There's no concealing that.
Exactly. It goes from being bad in principle to being ENFORCED with an iron rod.
Telesphorus said:When we consider that the teaching of heresy from the pulpit is now the ordinary course of events, when we consider the "liberty" at Assissi, we see something far beyond what Lamennais and his followers had in mind.
We know the Church is infested with heretics, but I'm trying to take DH at face value, in itself, the same way we try to decide if the Novus Ordo in its Latin, official form is intrinsically bad.
What about if hαɾɾιson or someone else said that DH was a way to protect freedom of worship for Catholics in an increasingly hostile and secular world?
I said in the other thread that this holds no water logically, since no tyrannically atheistic government would listen to the Vatican. But thinking it over more closely, just because those in question won't listen hasn't stopped the Vatican ( the real Vatican ) from condemning communism and other evils.

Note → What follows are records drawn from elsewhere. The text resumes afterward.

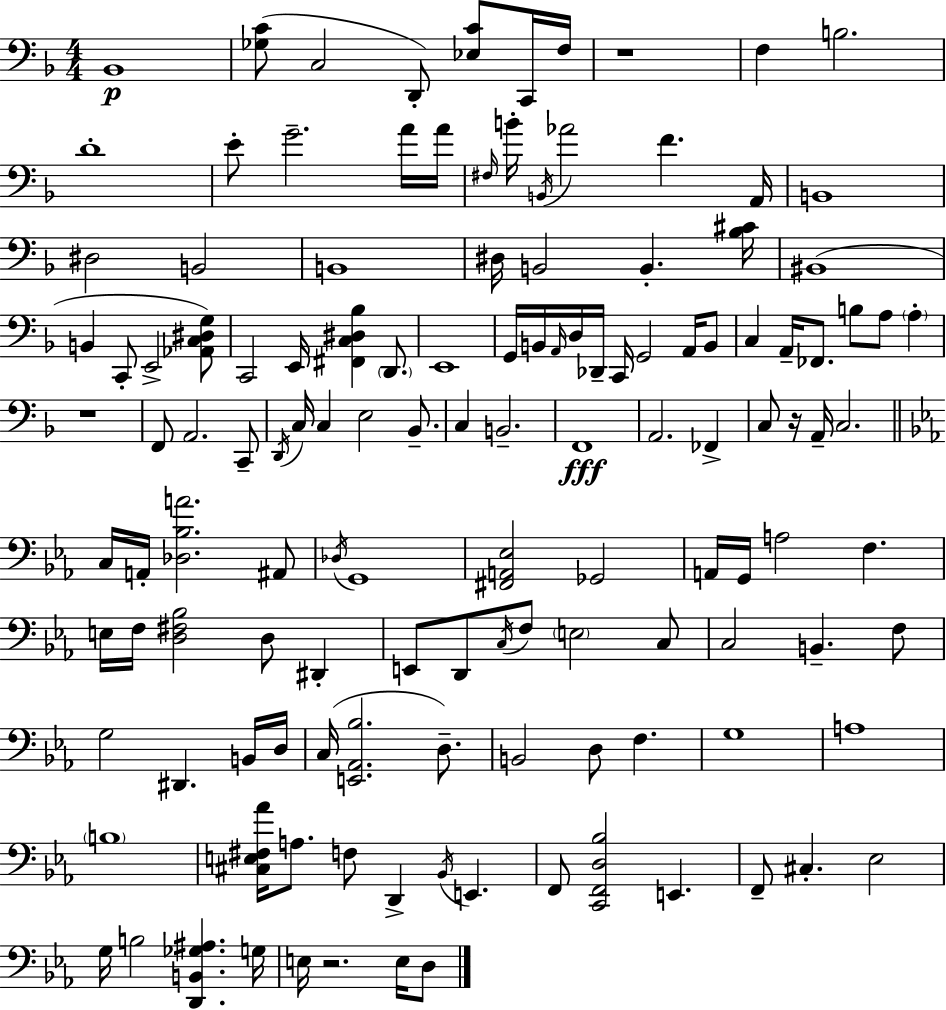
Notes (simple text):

Bb2/w [Gb3,C4]/e C3/h D2/e [Eb3,C4]/e C2/s F3/s R/w F3/q B3/h. D4/w E4/e G4/h. A4/s A4/s F#3/s B4/s B2/s Ab4/h F4/q. A2/s B2/w D#3/h B2/h B2/w D#3/s B2/h B2/q. [Bb3,C#4]/s BIS2/w B2/q C2/e E2/h [Ab2,C3,D#3,G3]/e C2/h E2/s [F#2,C3,D#3,Bb3]/q D2/e. E2/w G2/s B2/s A2/s D3/s Db2/s C2/s G2/h A2/s B2/e C3/q A2/s FES2/e. B3/e A3/e A3/q R/w F2/e A2/h. C2/e D2/s C3/s C3/q E3/h Bb2/e. C3/q B2/h. F2/w A2/h. FES2/q C3/e R/s A2/s C3/h. C3/s A2/s [Db3,Bb3,A4]/h. A#2/e Db3/s G2/w [F#2,A2,Eb3]/h Gb2/h A2/s G2/s A3/h F3/q. E3/s F3/s [D3,F#3,Bb3]/h D3/e D#2/q E2/e D2/e C3/s F3/e E3/h C3/e C3/h B2/q. F3/e G3/h D#2/q. B2/s D3/s C3/s [E2,Ab2,Bb3]/h. D3/e. B2/h D3/e F3/q. G3/w A3/w B3/w [C#3,E3,F#3,Ab4]/s A3/e. F3/e D2/q Bb2/s E2/q. F2/e [C2,F2,D3,Bb3]/h E2/q. F2/e C#3/q. Eb3/h G3/s B3/h [D2,B2,Gb3,A#3]/q. G3/s E3/s R/h. E3/s D3/e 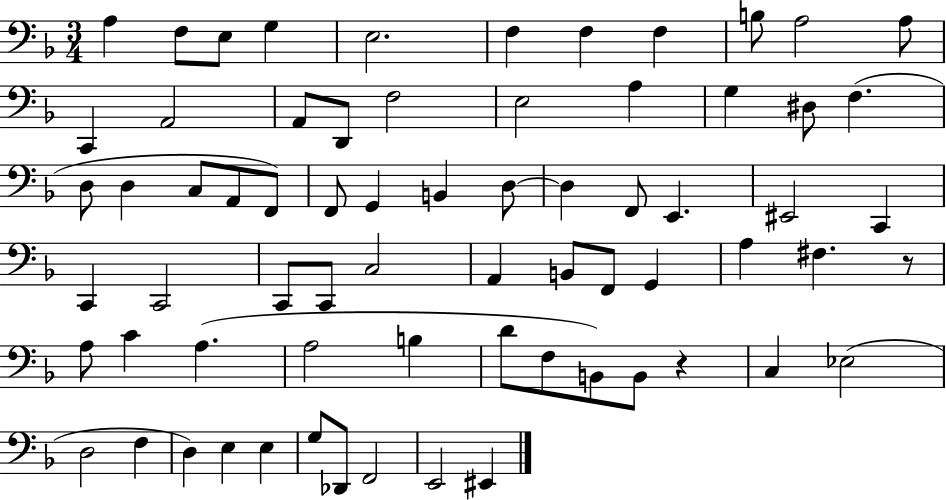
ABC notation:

X:1
T:Untitled
M:3/4
L:1/4
K:F
A, F,/2 E,/2 G, E,2 F, F, F, B,/2 A,2 A,/2 C,, A,,2 A,,/2 D,,/2 F,2 E,2 A, G, ^D,/2 F, D,/2 D, C,/2 A,,/2 F,,/2 F,,/2 G,, B,, D,/2 D, F,,/2 E,, ^E,,2 C,, C,, C,,2 C,,/2 C,,/2 C,2 A,, B,,/2 F,,/2 G,, A, ^F, z/2 A,/2 C A, A,2 B, D/2 F,/2 B,,/2 B,,/2 z C, _E,2 D,2 F, D, E, E, G,/2 _D,,/2 F,,2 E,,2 ^E,,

However, that is very relativistic. As Leo XIII said, tyrannical, atheistic governments may be worse than modern governments where the Church is separated from the state -- but both are bad IN PRINCIPLE.
If it really is against the faith to say that governments should allow error to have rights, then nothing can change that. The question I ask again, does this controversy over the Right to Religious Error ( a more accurate term for what we call "religious liberty" ) fall under the category of discipline or faith?